Meditation on Turning 80 in London


By John Shelby Spong
http://johnshelbyspong.com/

As I grew older, the present became increasingly where I wanted to live, not the future.  Meaning was found, life was lived and relationships were treasured in the present.  My family became more and more important to me.  Freeing people to be whole and to offer the gifts they have to offer, whether modest or impressive, became an essential mark of life.  Faith became existential not theoretical.  God became a living presence, not an external being.  Christ became a principle lived out fully in history by Jesus of Nazareth.  Christianity became a universal experience that crossed all boundaries.  Staying connected with old friends became an increasingly precious part of life.  Repairing broken relationships, where possible, became a priority and where it was not possible it helped simply to acknowledge my part in the brokenness.

I have never been one to speculate on the content of life after death, but I do trust it, feel it, and seek to live into it.  The only way I know how to prepare for life after death is to live deeply, richly and fully now, scaling life’s heights, plumbing life’s depths, risking love, affirming others and accepting differences.
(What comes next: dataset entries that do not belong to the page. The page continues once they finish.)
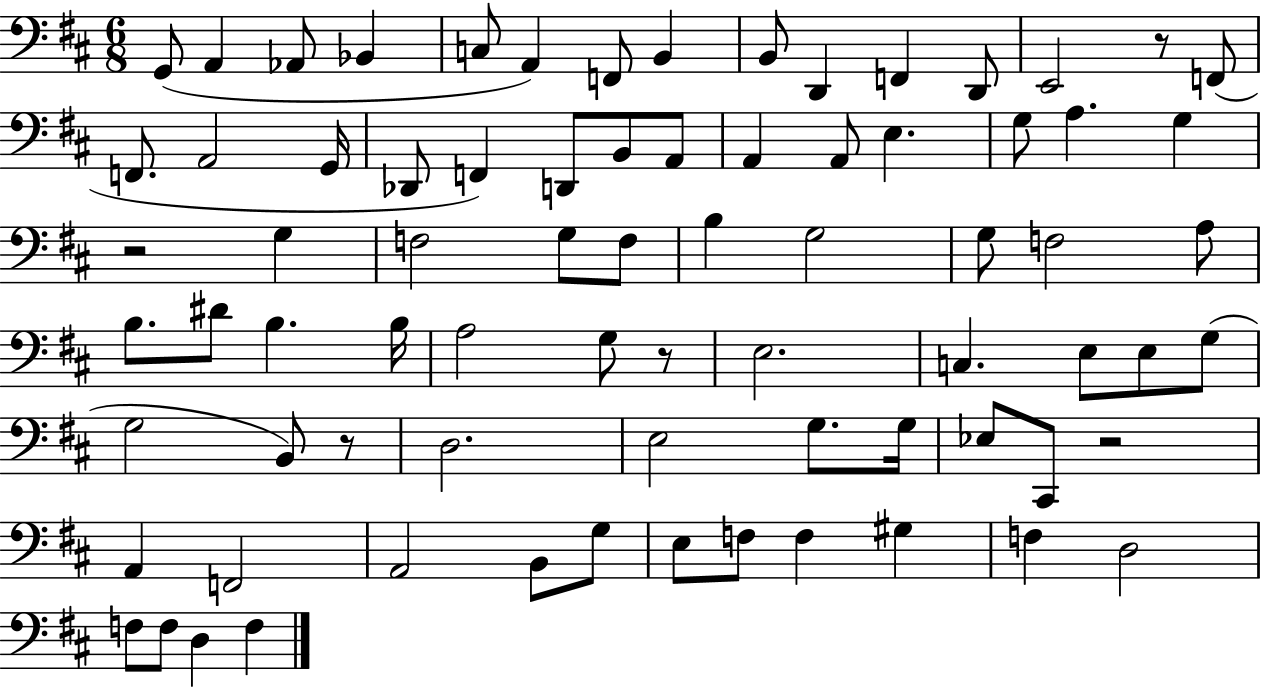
X:1
T:Untitled
M:6/8
L:1/4
K:D
G,,/2 A,, _A,,/2 _B,, C,/2 A,, F,,/2 B,, B,,/2 D,, F,, D,,/2 E,,2 z/2 F,,/2 F,,/2 A,,2 G,,/4 _D,,/2 F,, D,,/2 B,,/2 A,,/2 A,, A,,/2 E, G,/2 A, G, z2 G, F,2 G,/2 F,/2 B, G,2 G,/2 F,2 A,/2 B,/2 ^D/2 B, B,/4 A,2 G,/2 z/2 E,2 C, E,/2 E,/2 G,/2 G,2 B,,/2 z/2 D,2 E,2 G,/2 G,/4 _E,/2 ^C,,/2 z2 A,, F,,2 A,,2 B,,/2 G,/2 E,/2 F,/2 F, ^G, F, D,2 F,/2 F,/2 D, F,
It is by living fully that I prepare for death.

St. Paul was wrong, death is not the last enemy to be defeated.  Death is a friend to be embraced.  Death adds zest and passion to life by forcing us to live and investing each moment with ultimacy. I thus never want to miss an opportunity to tell my wife how much I love her.  I live for the moments when my children or grandchildren call or when we visit.  I love to hear about their victories and defeats, their struggles and joys. I want to live every moment of the life that I have, but I also want to relinquish that life with grace and dignity when it is time to do so.